Both UTEC and iXblue had concerns that the Canopus and Ramses systems could not perform some of the complex positioning tasks required by the project. UTEC surveyors listed the necessary positioning tasks for comparison with the capabilities of the system and identified the missing capabilities, all of which were already on iXblue’s development roadmap. Consequently, iXblue prioritised their development and implementation. The new capabilities were successfully proved in tests offshore iXblue’s La Ciotat base in the South of France. UTEC personnel were unable to attend in person owing to COVID travel restrictions but successfully witnessed the tests arranged by iXblue via remote access to the positioning computers and live video streaming from the test vessel.

Trained personnel

As this was the first time that the Canopus and Ramses systems were being deployed, UTEC field personnel needed training in how to operate the systems. Lockdown and travel restrictions due to the pandemic presented a major challenge, resulting in training having to be done remotely.

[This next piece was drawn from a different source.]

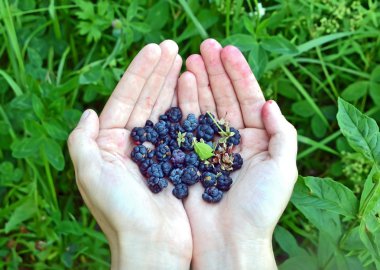 Böğürtlen (rubus) elinde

iXblue designed a programme consisting of two training sessions, feedback from which identified changes necessary for easier operation. For instance, field staff felt that the user interface for the system was inefficient. They provided a list of improvements that were subsequently implemented by iXblue’s software developers. The improvements were then successfully tested by some of the field staff operating the software on iXblue’s test vessel via a remote-control link.

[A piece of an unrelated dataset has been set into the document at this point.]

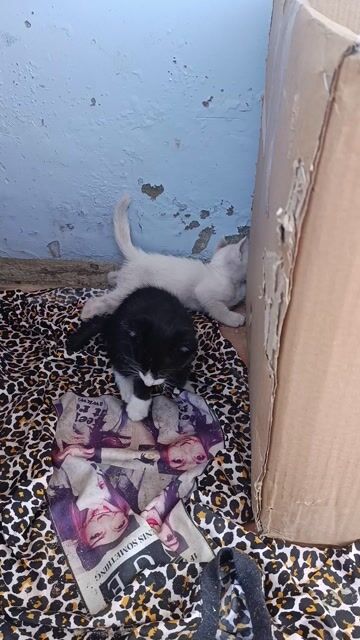 Mèo con 1 tháng tuổi. Mua bán Mèo tại Thành phố Buôn Ma Thuột Đắk Lắk được đăng bởi tran huyen hình 1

Further actions included the deployment of an iXblue engineer on the installation vessel to oversee the initial stages of the programme. Additionally, a satcom link was established between onshore iXblue specialists and the actual Ramses units fitted to the ROVs. This enabled the onshore support team to configure and operate the system directly should the offshore personnel encounter problems. Although the link was not required, it was proved operational and thus provides an option for reducing the number of offshore personnel needed on future projects.

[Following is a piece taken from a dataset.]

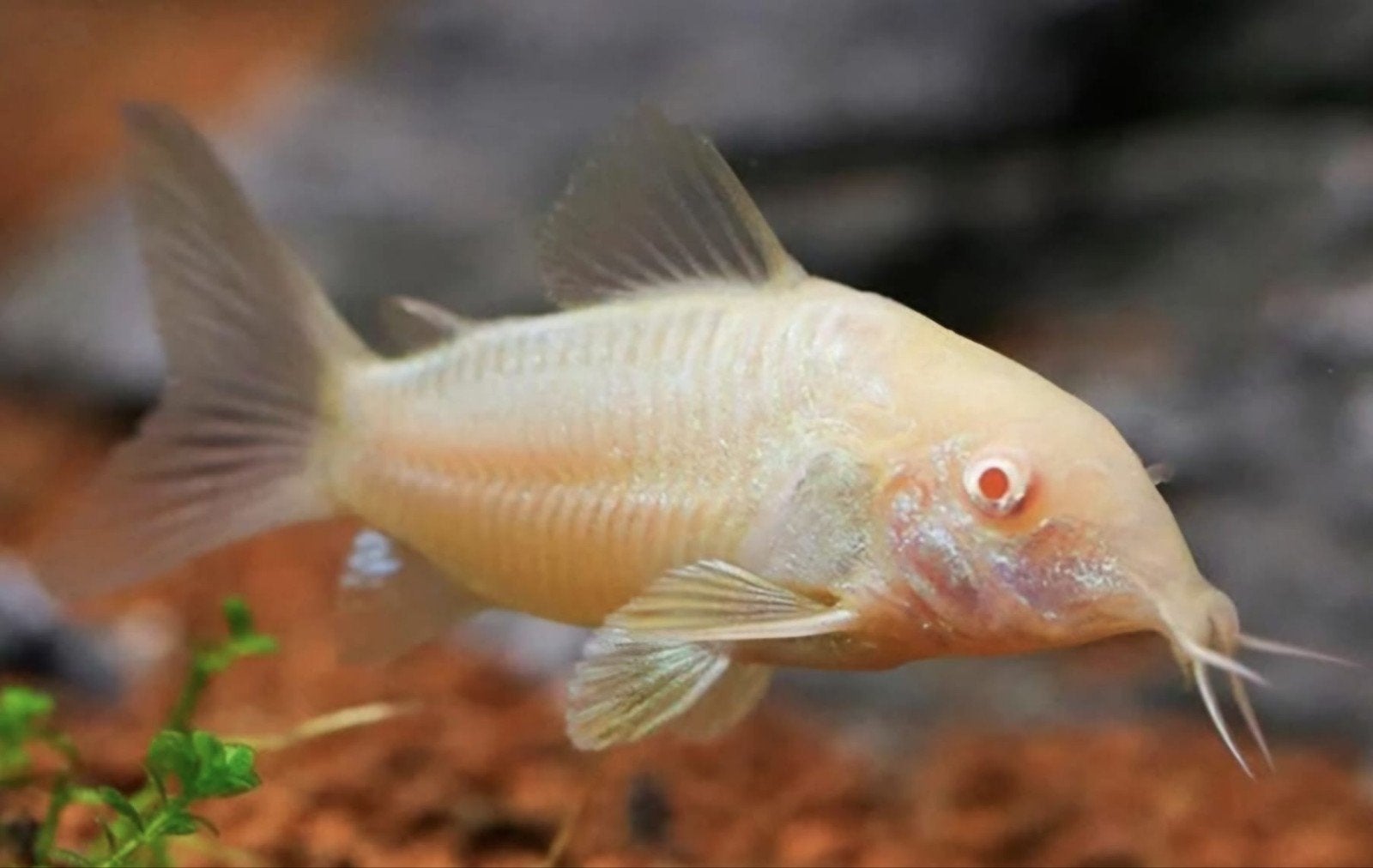 2 albino Corydoras, ophalen, Dieren en Toebehoren, Vis, Zoetwatervis, Schoolvis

When deploying new systems for the first time, there is always the potential for reliability issues. UTEC and iXblue considered the consequences of multiple failures caused by design or manufacturing faults and implemented several measures to minimise the risk of potential failures; these included ensuring that more spare units than normal were on the vessel.

More importantly, iXblue’s design and manufacturing procedures were audited by UTEC using a process more rigorous than that typically used for audits of routinely used equipment. Again, these audits had to be carried out remotely; however, iXblue’s electronic quality assurance and control systems enabled the audits to run smoothly and provided assurance of system reliability.

Project outcome

By undertaking a detailed risk assessment and implementing mitigation measures, UTEC was able to successfully deploy the Canopus and Ramses positioning system on the project. And the system performed excellently: predicted time and cost savings were achieved, and a wealth of experience, to be used on future projects, was gained by all parties.

“Both UTEC and iXblue had to commit the people and time to ensure a successful first-use of Canopus and Ramses. We now have the knowledge and experience that enable us to offer this system for other projects. The risk assessment process will be applied to future first uses of new systems. We anticipate that this will enable us to provide additional cost-saving solutions for our customers,” comments Paul Smith, Group Managing Director at UTEC.

Olivier Cervantes, VP Energy Market at iXblue, concurs.  “I agree with Paul and add that I was impressed by the commitment of the UTEC teams in the quality audit of our system and how they have challenged our technical teams. Converting risk taking into value creation through a careful assessment of potential issues was one of the challenge, all of this during an historical global pandemic. Spirit of teamwork, trust and the willingness towards an improved solution, allowed us to push the limits of the technologies, bringing an “open architecture” Sparse LBL to the market standard.”